Analysis of heat transfer based on complex Embedded Discrete Fracture Network (EDFN) for field-scale EGS

Abstract

This study proposed a doublet horizontal well injection enhanced geothermal systems(EGS) model for heat extraction via the embedded discrete fracture network. Thermal-hydraulic(TH) coupling was established and applied in this model. The performance of thermal exploitation by the comparison of four specific models (reservoir without fractures, reservoir with hydraulic fractures, reservoir with discrete fractures, and reservoir with hydraulic and discrete fractures) to optimize the base model were investigated. Meanwhile, the sensitivity analysis of reservoir parameters and injection parameters were conducted.

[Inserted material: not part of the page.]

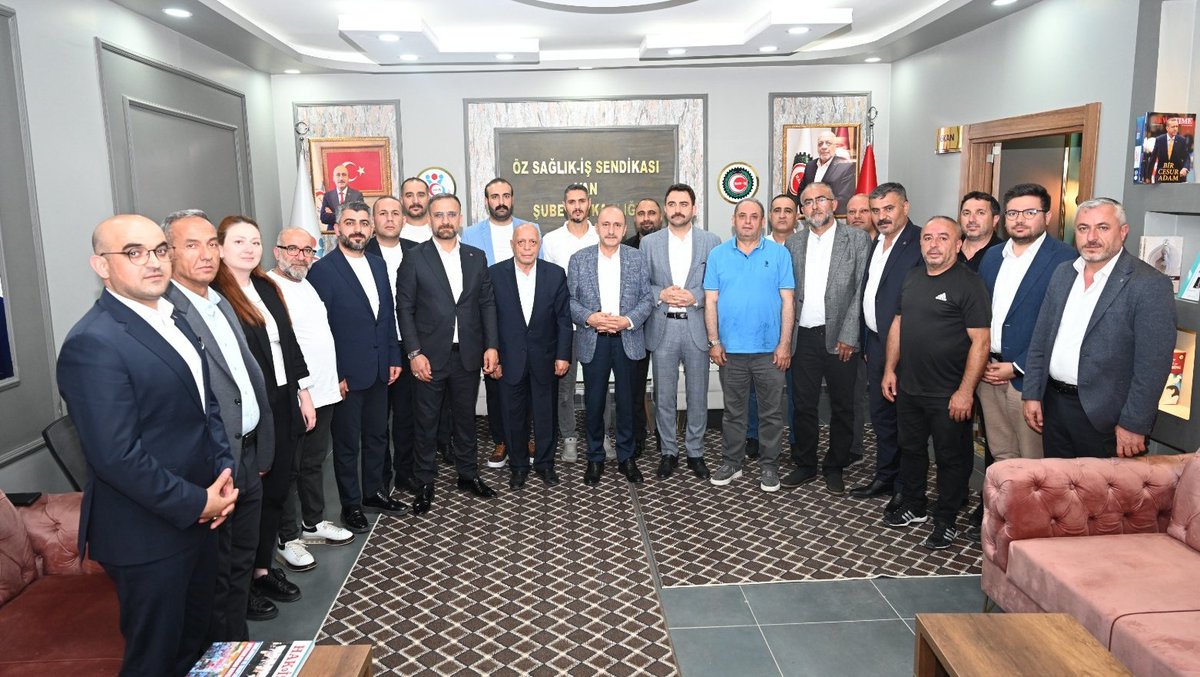 HAK-İŞ Başkanlar Kurulu Toplantısı vesilesiyle geldiğimiz Van'da Genel Başkanımız Mahmut Arslan başkanlığındaki HAK-İŞ Yönetim Kurulu olarak bir dizi temaslarda ve ziyaretlerde bulunduk.
İlk olarak, Van Büyükşehir Belediyesi ve ilçe belediyelerinde yaşanan işçi kıyımlarını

Four specific indexes including fractures permeability, injection temperature, injection mass flow rate and well layout schemes were selected for evaluating the performance of heat extraction. The results shown that increasing the fracture number and improving the connectivity can obtain an excellent heat extraction effect. Firstly, there is a threshold for fracture permeability. Only the adequate stimulation measures were applied to increase the fracture permeability, did the stimulation of thermal power output can be reached. Secondly, increasing injection temperature will induce the enhancement of viscosity and pressure loss, and thus decrease the velocity of fluid and the temperature difference. Which is reflected in the descending of thermal power output finally. Furthermore, increasing the injection mass flow rate will give rise to the thermal power output greatly. However, it will also require greater injection pressure and energy input. Therefore, it is necessary to strike a balance between the injected mass flow and the thermal output power. Finally, the results of simulation in various well layouts illuminate that the area of the fluid flowing through the reservoir determines the temperature of the production fluid. Overall, this study provides reasonable suggestions and guidance for field-well layouts design and analysis, and heat extraction sensitivity parameters optimization under the condition of complex embedded discrete fracture networks.